Quit Confusing Creepy for Savvy: How to Market to New Customers and Regulars
The old adage goes that 80% of your business comes from 20% of your customer base. (Let’s assume that’s true for the purposes of my point.) Logic serves to try and get more new customers to make up that 20% base of regulars. What many companies fail to recognize, especially in the digital age, is that expectations between new customers and regulars are widely different.
Regulars expect businesses to know things about them, whether that’s a standard order, certain preferences or even some personal information – family, upbringing, favorite sports team, relationships with coworkers, etc. Because they’ve shared that information with you, it’s good customer service to anticipate or apply those needs. Having a server, bartender or barista ask, “The usual?” feels good. It strengthens the relationship between the customer and the brand.
We live in a time where a lot of this personal information lives online, but if we use it to talk to new customers, it can come across as assumptive or, worse, creepy.
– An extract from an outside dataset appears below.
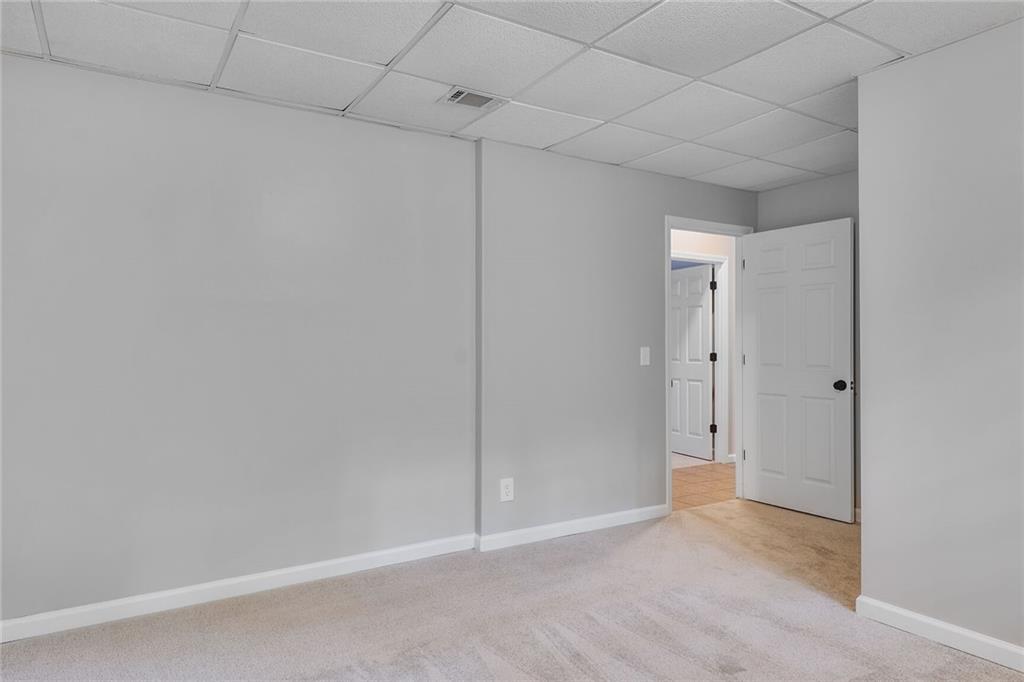 232 Barrett Springs Way Canton, GA 30115 - Photo 20 of 29 a view of an empty room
Plenty of us have looked up someone on social before meeting them, whether that’s dating, a new client or a possible hire. However, I question how often we bring that information into a first encounter.
Not everything crosses the line. It’s perfectly okay to use things like zip codes, “like audiences” on Facebook or certain interests to display messages to prospective customers. If you sell dog food and someone has shared they love dogs, it’s reasonable to use that information.
Things teeter on inappropriately invasive when it comes to retargeting, cart abandonment, routines or using what someone says on the phone to serve up ads.
Imagine someone went into your store, browsed and left without buying. Would you chase them down at their home shouting, “I watched you look at this stuff! You didn’t buy it! Do you want to buy it now?!”
Or worse, “I know you got coffee at our shop once but you’ve been regularly going to another competitor. I heard you talking to a friend about Reese’s the other day, so we came up with a peanut butter latte you might like because we care that much about you.
Oh, that was Reese Witherspoon? Our bad. But since I have you here, would you like to buy our latte?”
These examples sound a little melodramatic. I admit they are to some degree, but they aren’t too far off from what’s possible now and what will be possible in the future.
As a marketer, ask yourself, would you rather create experiences to build genuine relationships that get referrals or would you rather leverage people’s private information in the hopes you guessed right about them?